When a market has been trading sideways and there is no foreseen reason that the market pricing will change, then it’s time to bring out your butterfly net.
The idea is to capitalize on both legs instead of only one leg when the markets are flat. You sell a binary strike that is above the current underlying market and buy a binary strike that is below the same current underlying market. As long the underlying market expires between the 2 strikes, you will collect the settlement payout on both strike legs of the trade.
Assume it’s lunchtime, when the markets often slow down, and you notice that the USD/CHF market has flattened slightly. It has been trading between the (0.9665) and (0.9672) levels for the past 2 hours. Using the butterfly strategy, you’re looking for 2 strikes above and below those levels within the time expiration period of the binary.
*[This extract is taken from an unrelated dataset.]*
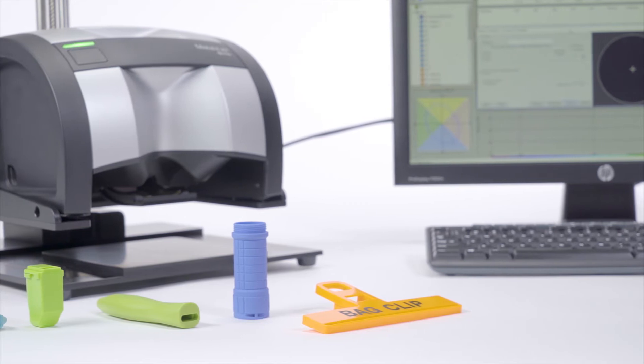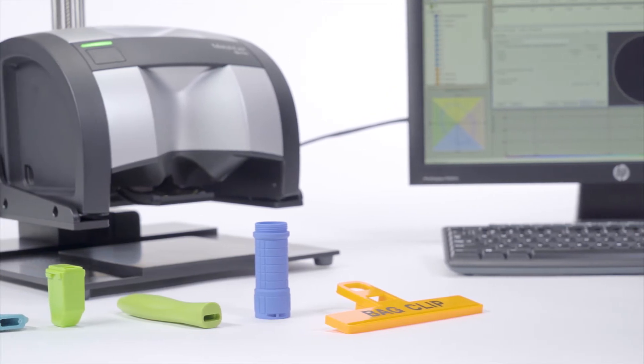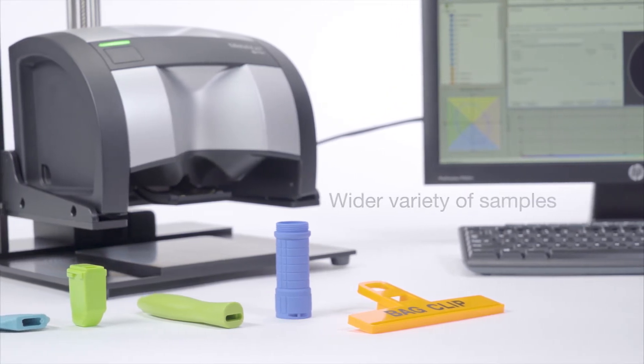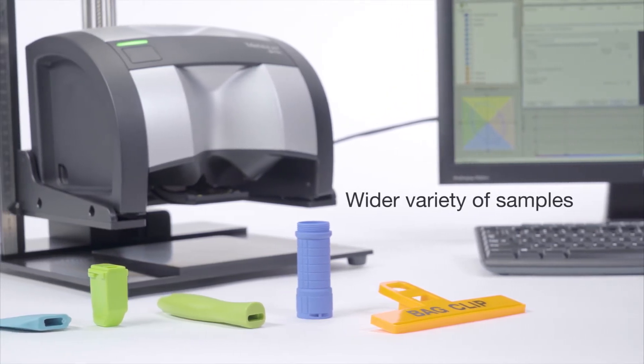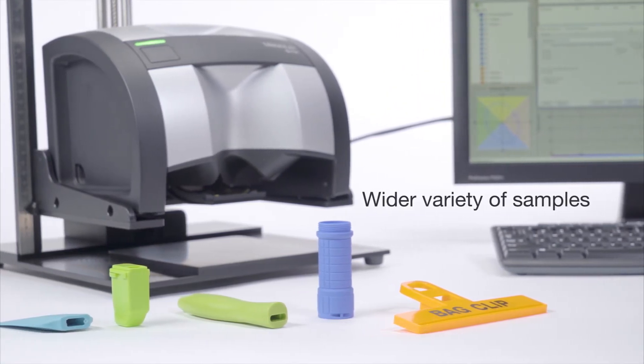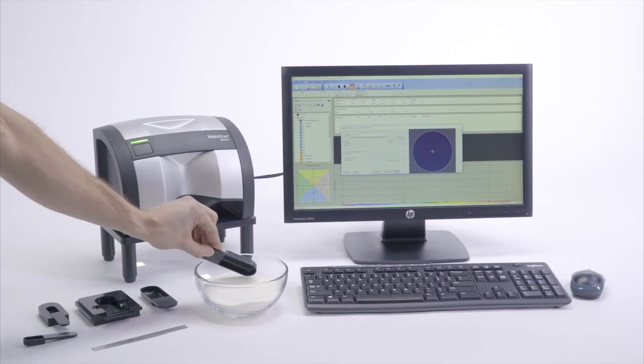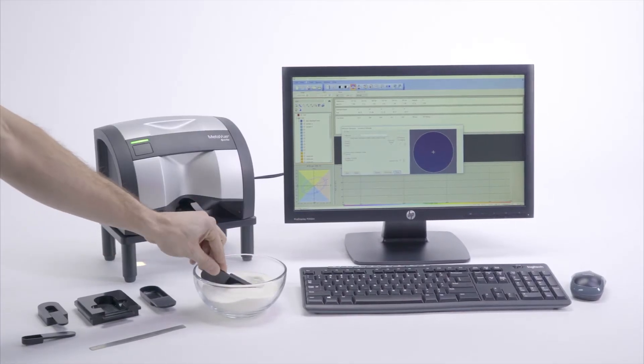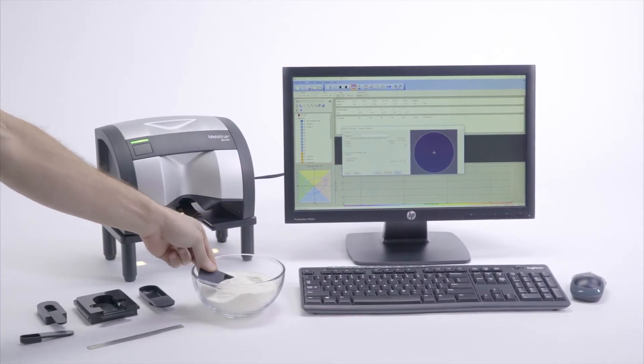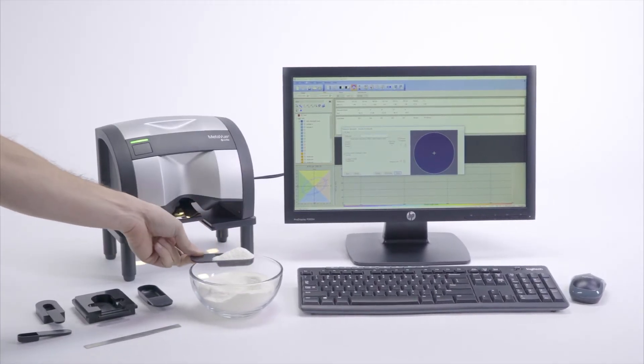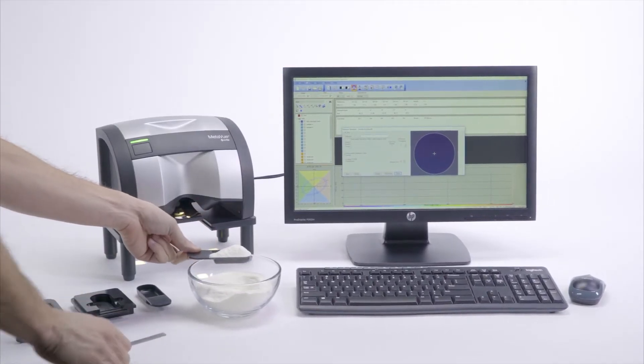Now you can implement quality control or create lab matches from a wider variety of samples than ever before, enabling you to perform instrumental QC where only visual QC was possible.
Checking the available strikes for the USD/CHF, you find that the higher strike >0.9680 is just above the current trade range and can be sold at 22.50. The lower strike >0.9660 lies below the current trading range trade and can be bought for 71.75.
The initial cost of this strategy is higher because both binary position legs are already in the money when initiating the trade. Selling the USD/CHF > 0.9680 at the 22.50 trade price will cost $77.50 per contract (100 – 22.50). That is your maximum trade risk if the underlying market trades higher. The USD/CHF > 0.9660 bought at the 71.75 trade price has an initial cost of $71.75 per contract, which is your maximum risk if the underlying market trades lower. So the combined cost of both legs is $149.25.
If successful at expiration, you can receive two settlement payouts of $100/contract each for a combined profit of $50.75. You get that payout as long as the underlying is still trading between the upper strike of $22.50 and the lower strike of $28.25.
One thing to remember about this strategy is that if you hold it till expiration, one of the position legs will always finish in the money, meaning you will always receive at least $100 settlement at expiration with the possibility of a total of $200.